DATA SEGMENT:
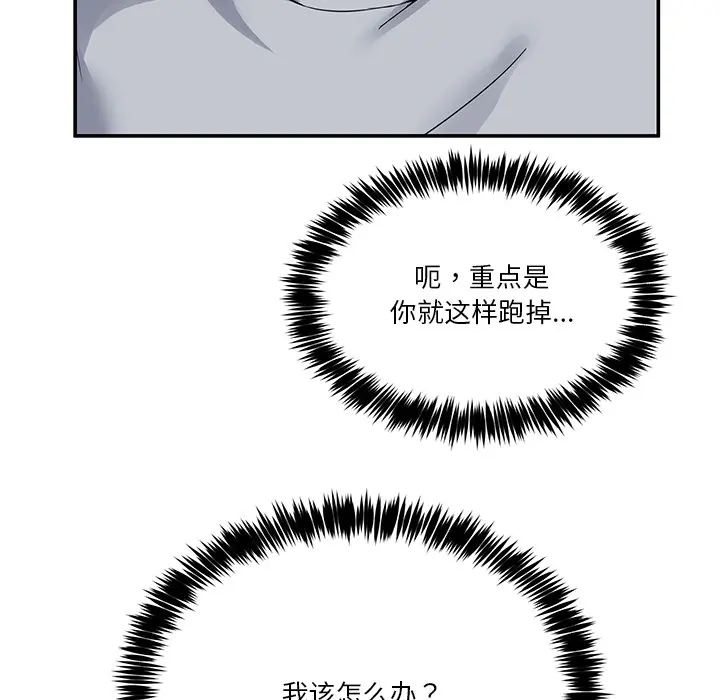 2 男人止步_男人止步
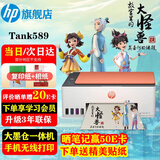 惠普（HP）519/591/589 A4彩色喷墨连供一体机 墨仓式照片打印机 家用学生作业手机无线打印原装可加墨低成本 【旗舰款】Tank589(免换墨盒)588同系列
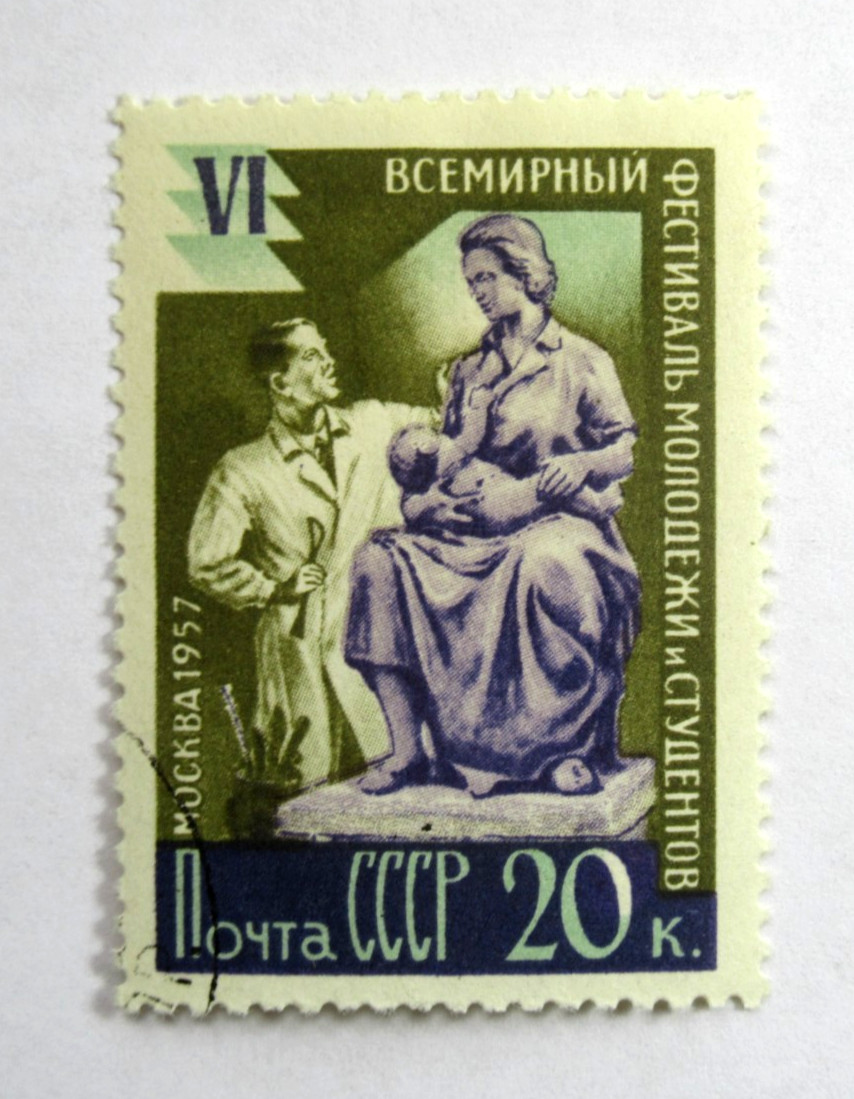 Russia Stamp Scott 1937 Sculptor and Motherhood Statue 20 Kopeks 1957 Used OG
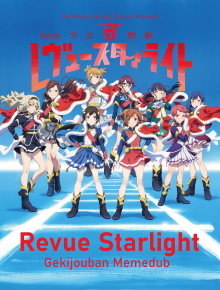 Revue Starlight Gekijouban Memedub Trailer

REQUIREMENT: Quote the material word for word, dropping any images it holds.

OUTPUT FOR THIS TASK:
 2 男人止步_男人止步
 惠普（HP）519/591/589 A4彩色喷墨连供一体机 墨仓式照片打印机 家用学生作业手机无线打印原装可加墨低成本 【旗舰款】Tank589(免换墨盒)588同系列
 Russia Stamp Scott 1937 Sculptor and Motherhood Statue 20 Kopeks 1957 Used OG
 Revue Starlight Gekijouban Memedub Trailer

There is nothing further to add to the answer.